O ponto de partida que nos permitirá transcender a aparência deste fenômeno é a argumentação apresentada na tese A crise orgânica do capital: o valor, a ciência e a educação de Aluisio Pampolha Bevilaqua (2015). Em seu trabalho, o autor defende que a crise do capital, momento de autonegação dialética da própria relação-capital, que por sua vez é a relação social dominante da formação econômica-social atual, generaliza-se para todas as esferas da sociedade e se expressa particularmente na produção científica mundial como uma crise de paradigmas. Em trabalho anterior, intitulado A Crise do Capital em Marx e suas implicações nos Paradigmas da Educação, o autor já mostrara como as categorias produção, ciência e educação encontram-se subsumidas à categoria capital através dos conceitos de crise, paradigma e pedagogia. Durante a crise, a ciência, cativa do capital e convertida em mais uma de suas manifestações, precisa desesperadamente ser mensurada como valor de troca, o que entra em choque com seu estatuto de conhecimento organizado e validado através de sua confrontação com a realidade material (na prática). Ele mostra como o caráter dessa crise é responsável pelo descompasso entre os objetivos postulados pela comunidade científica para seu trabalho e os resultados destes percebidos pela sociedade. Trata-se de um processo que se retroalimenta, pois a incorporação da ciência como investimento na produção acentua a erosão do paradigma do valor, logo agrava a crise econômica ao prejudicar a acumulação capitalista de trabalho vivo (BEVILAQUA, 2015, p. 9 e 356) (BEVILAQUA, 2011, p. 235).

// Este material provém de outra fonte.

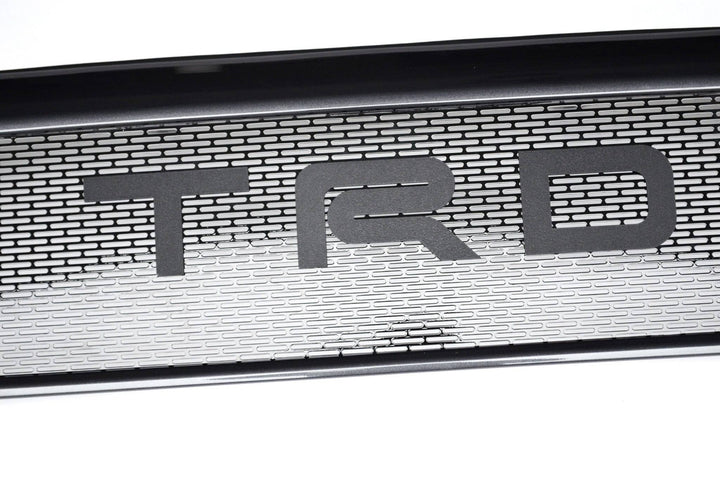 BPF Completed 2012-2015 Toyota Tacoma Grill featuring a durable powder-coated mesh design with bold TRD lettering, offering a CNC fabricated, OEM fitment upgrade for Tacoma trucks.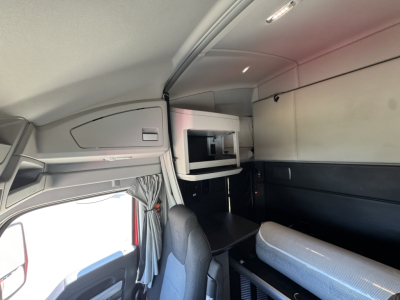 Kenworth T680 truck cab interior showing sleeper area and overhead storage cabinet.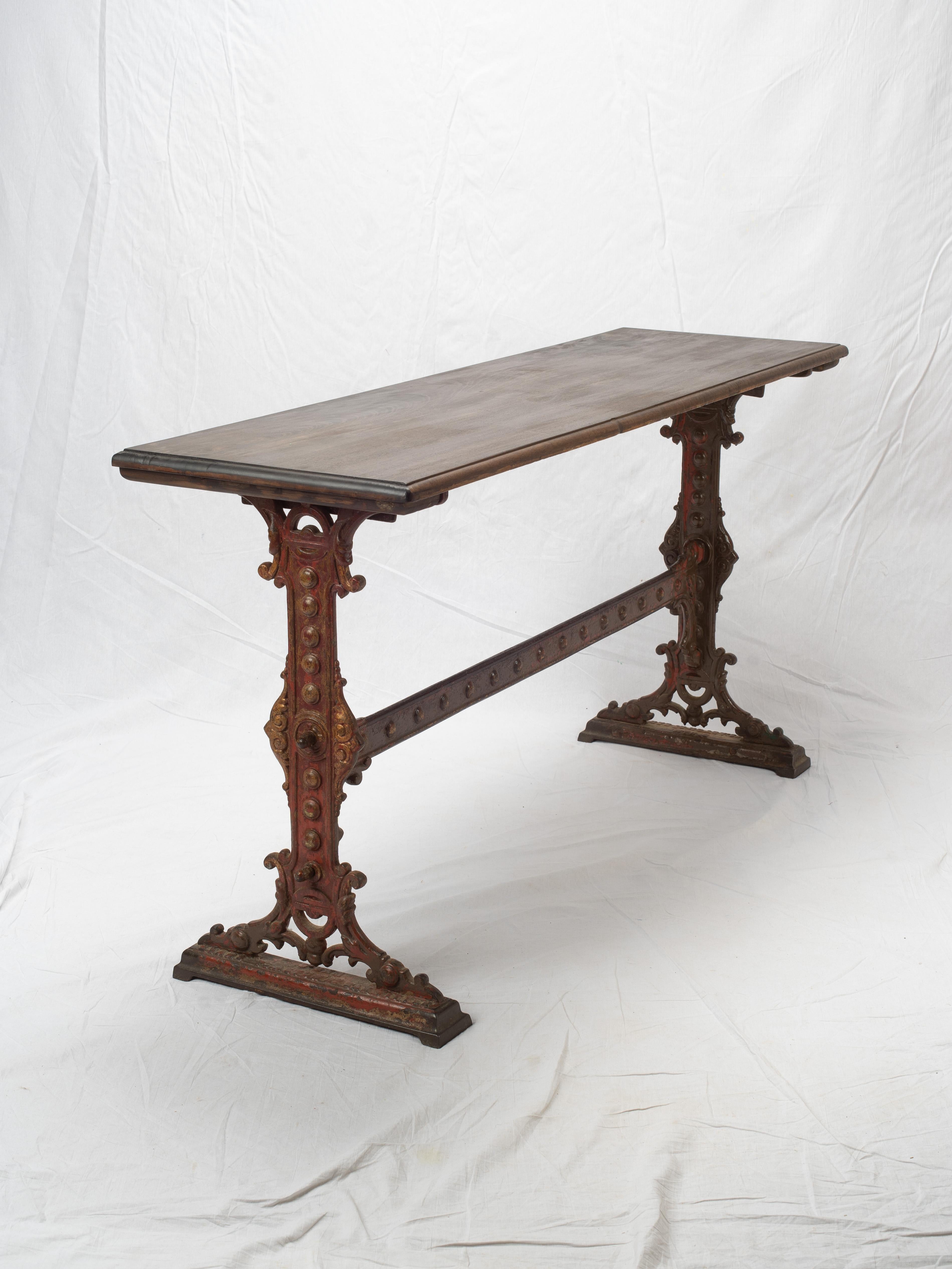 Old English pub tavern table made of cast iron with beautiful patina. Replacement pine table top currently in place.

Good Condition. Rustic tabletop that has imperfections. Expect nicks, dings, scratches and evidence of the handmade. Base has been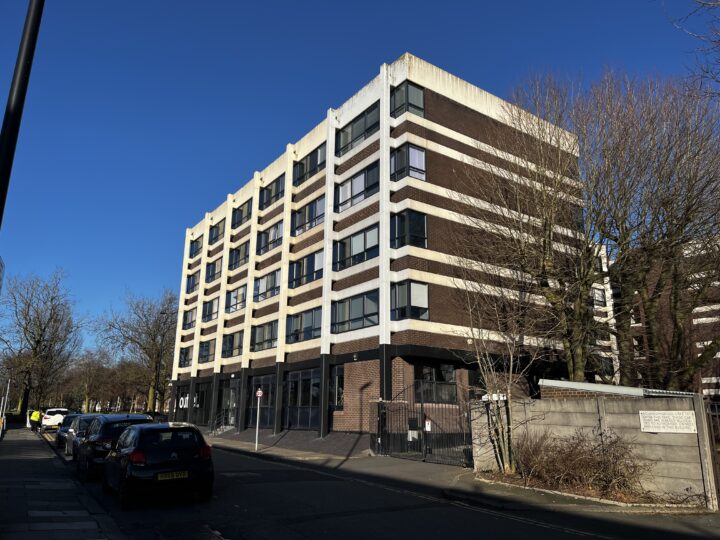 A five-story rectangular building with brown and white horizontal stripes stands on a sunny street. Bare trees line the sidewalk, and several parked cars are visible. The sky is clear blue, and a fenced area is in the foreground on the right.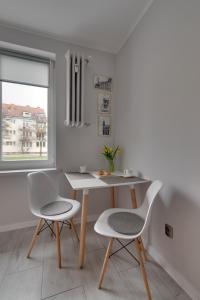 a table and two chairs in a room with a window at Apartamenty Old Town Mniszki in Gdańsk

Da mesma forma, toma-se como base a tese de Theotonio dos Santos, também referenciada no trabalho de Bevilaqua, que demonstra o impacto da Revolução Científico-Técnica, cujo início pode ser situado após a Segunda Guerra Mundial, quando a ciência passou a ser, cada vez mais, vista como investimento. Este processo, que pode ser classificado como a terceira fase da Revolução Industrial e que deriva na crescente automação da produção, é raiz de profundas transformações, ainda em curso, que apontam para os limites históricos do modo de produção baseado na apropriação privada da riqueza social (SANTOS, 1983, p. 52 e 247;1987, p.275).